═══ Data provided ═══
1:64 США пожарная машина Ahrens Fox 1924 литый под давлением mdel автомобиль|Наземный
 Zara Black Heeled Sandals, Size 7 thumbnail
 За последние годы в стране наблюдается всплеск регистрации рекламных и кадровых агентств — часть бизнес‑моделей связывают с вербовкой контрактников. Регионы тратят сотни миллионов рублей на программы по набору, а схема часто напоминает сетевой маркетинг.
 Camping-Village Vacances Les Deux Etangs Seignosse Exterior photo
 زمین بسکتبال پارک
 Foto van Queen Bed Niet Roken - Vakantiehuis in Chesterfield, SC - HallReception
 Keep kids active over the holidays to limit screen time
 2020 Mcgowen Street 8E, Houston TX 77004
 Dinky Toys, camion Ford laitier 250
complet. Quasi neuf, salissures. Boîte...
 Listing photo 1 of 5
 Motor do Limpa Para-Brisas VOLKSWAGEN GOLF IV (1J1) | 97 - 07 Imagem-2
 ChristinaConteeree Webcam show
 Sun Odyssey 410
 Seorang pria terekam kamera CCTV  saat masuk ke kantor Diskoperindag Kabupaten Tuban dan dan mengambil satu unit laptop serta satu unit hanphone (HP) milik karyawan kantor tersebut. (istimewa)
═══
◆ Task details
Each line in the data that holds the string "photo" should be found and copied.

◆ Response to the exercise
 Camping-Village Vacances Les Deux Etangs Seignosse Exterior photo
 Listing photo 1 of 5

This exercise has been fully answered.